Cuestionar los mitos sexuales como terapia de grupo.
Las que rondamos los cincuenta, nos criamos con Walt Disney, crecimos con Top Gun y nos casamos como se casaba Julia Roberts. Ahora, desde el sofá, nos emocionamos con nuestros vástagos comiendo palomitas de microondas, pero viendo idénticos argumentos. La fórmula funciona. Nos gusta. Se trata de perpetuar la idea de que encontraremos al hombre de nuestra vida en un momento determinado y, pase lo que pase, envejeceremos arropados. Imposible resistirse. Y está muy bien. Tenemos mitos porque nos ayudan a sobrevivir. Es mucho más fácil que te consueles de una bronca de las de siempre si aprovechas para imaginarte con aquel que te encontraste en el culo del mundo. Nunca agradeceré lo suficiente a mis padres haberme animado a viajar desde los diecisiete años. He sido capaz de incorporar todo un repertorio de aspirantes a título de mito como para tener a mano siempre a alguno con el que enjuagarme alguna lágrima.
Los mitos son necesarios.
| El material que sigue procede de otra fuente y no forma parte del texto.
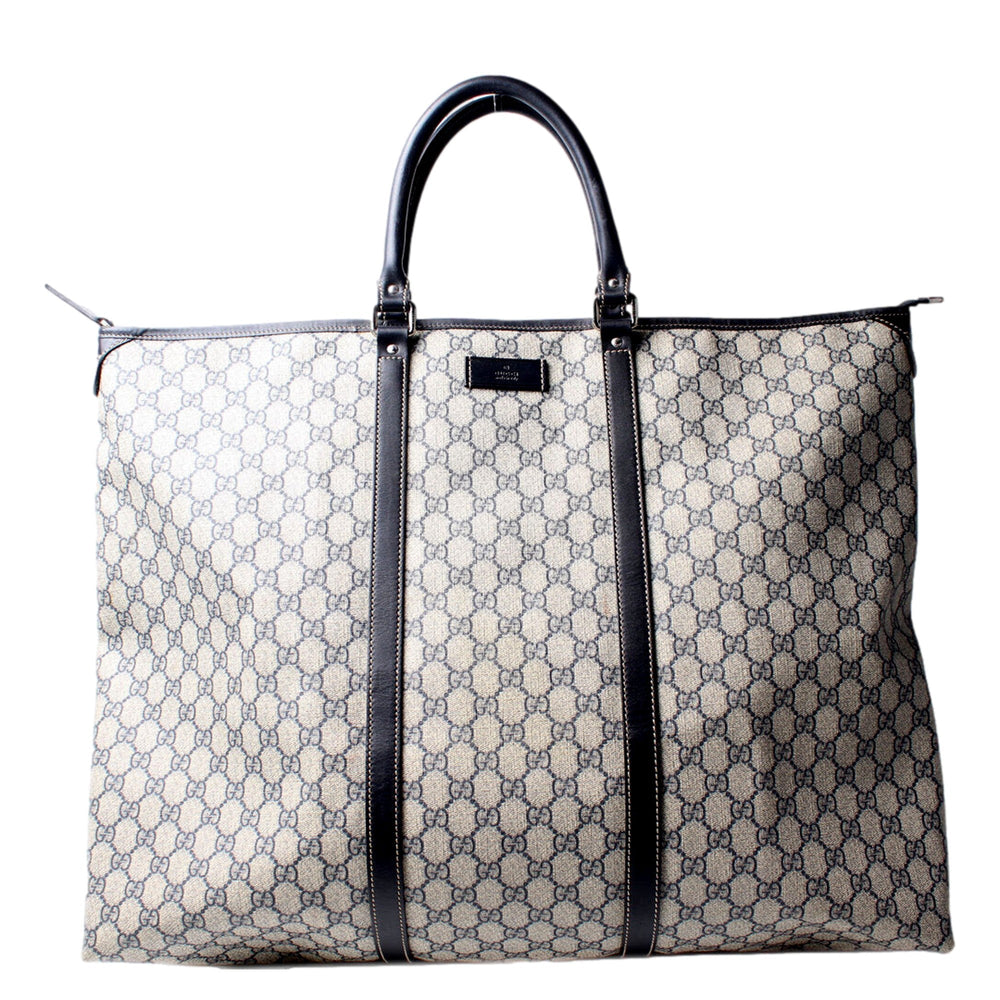 Gucci GG Supreme Coated Canvas Blue Extra Large Joy Tote Overnight Bag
Aunque solo sea porque me apartan de otros tranquilizantes menos inocuos.
Ignacio Elpidio Domínguez Ruiz, antropólogo, investigador y miembro del Instituto Madrileño de Antropología explica la importancia de la existencia de los mitos: "Un mito es una explicación a través de un relato. Sirven para concebir desde la existencia del mundo hasta la pertenencia a un grupo o por qué existe el bien y el mal. Sabemos que los diluvios universales tienen una explicación científica, pero el rescoldo castigador de un dios nos queda en la educación judeocristiana. Los mitos hay que tenerlos en cuenta por todo lo que transmiten y enseñan, pero también por los rescoldos de mentiras que prolongan".
Y esto es absolutamente trasladable a nuestras camas. Cuestionar los mitos sexuales es una de las mejores terapias que existen.
Un mito es aquel amante del que te acuerdas cada vez que las cosas se tuercen en tu alcoba. Un mito es el que traes a tu entrepierna, aunque el que esté en faena sea el de siempre. La de veces que hemos escuchado a nuestra amiga contar lo de aquel amante y la de veces que le ha añadido un adjetivo nuevo, una actitud más. Ahora imaginen que veinticinco años después ese amante que vivía a 7.000 kilómetros se presentara en la puerta de su casa. Los mitos los desmontamos porque no nos queda otra; igual que encontramos la explicación científica de por qué pueden producirse los cambios climatológicos, hartos de que nos cuenten milongas religiosas.
Sería bueno que nos enseñaran como fuera a que valoráramos a nuestros amantes no solo por la calidad de sus empotramientos, sino también por su comportamiento con nosotras. Agradecería que entre los baremos con los que evaluamos a nuestros amantes no solo apreciáramos el tamaño de la bendita verga. Con suerte, alguien se acuerda de aquello de que para amar había que sufrir ha provocado que muchas mujeres maltratadas repitan el patrón de hombre del que se enamoran. El sometimiento de mujeres aspirando a ser princesas les ha salido durante años. Sexoafectivamente, estamos en bragas. Por eso, si se nos presenta el amante aquel de hace veintiún años, no queda otra que enterarse de si es de verdad tan bueno.
Ya no me vale el argumento de que "esto" sean veintitrés centímetros.